THE DATA:
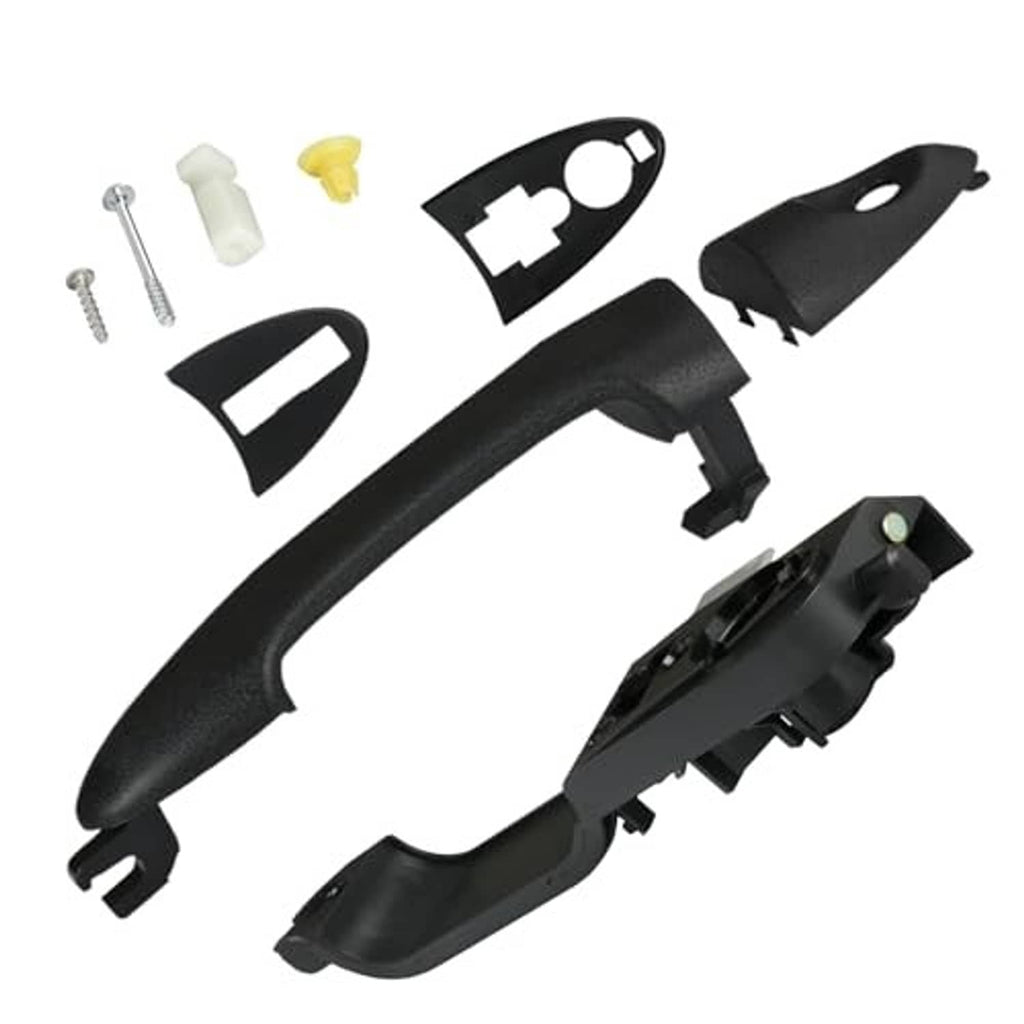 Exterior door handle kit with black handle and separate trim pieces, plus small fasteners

--

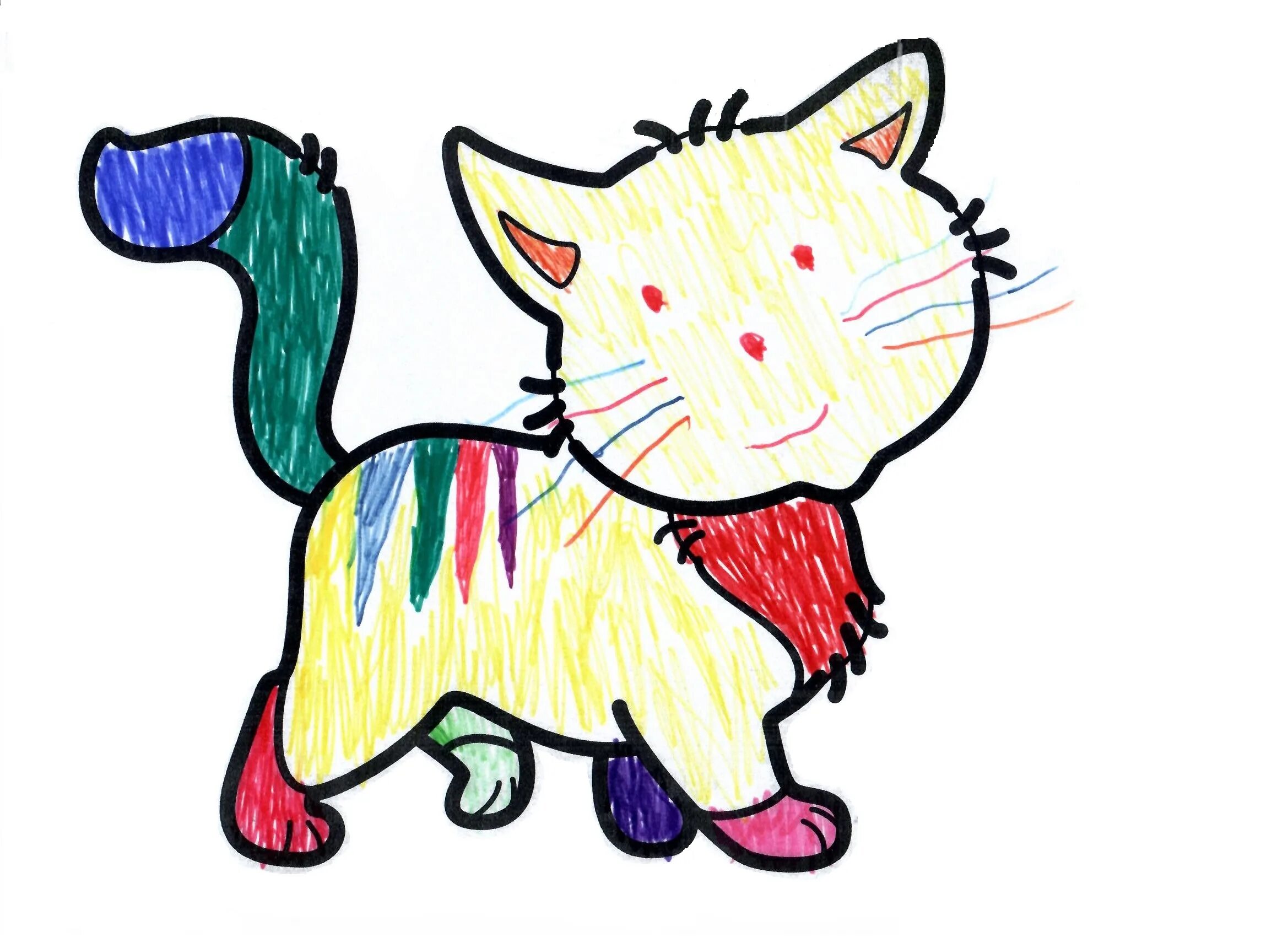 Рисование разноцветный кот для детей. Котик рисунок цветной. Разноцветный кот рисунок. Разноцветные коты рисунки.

* * *

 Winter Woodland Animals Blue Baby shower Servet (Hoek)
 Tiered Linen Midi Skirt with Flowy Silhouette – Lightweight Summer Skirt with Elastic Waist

PROBLEM TO SOLVE:
Using the data above, reproduce exactly the lines between those holding "Winter Woodland Animals" and "Tiered Linen Midi", inclusive, and no others.

ANSWER SECTION:
 Winter Woodland Animals Blue Baby shower Servet (Hoek)
 Tiered Linen Midi Skirt with Flowy Silhouette – Lightweight Summer Skirt with Elastic Waist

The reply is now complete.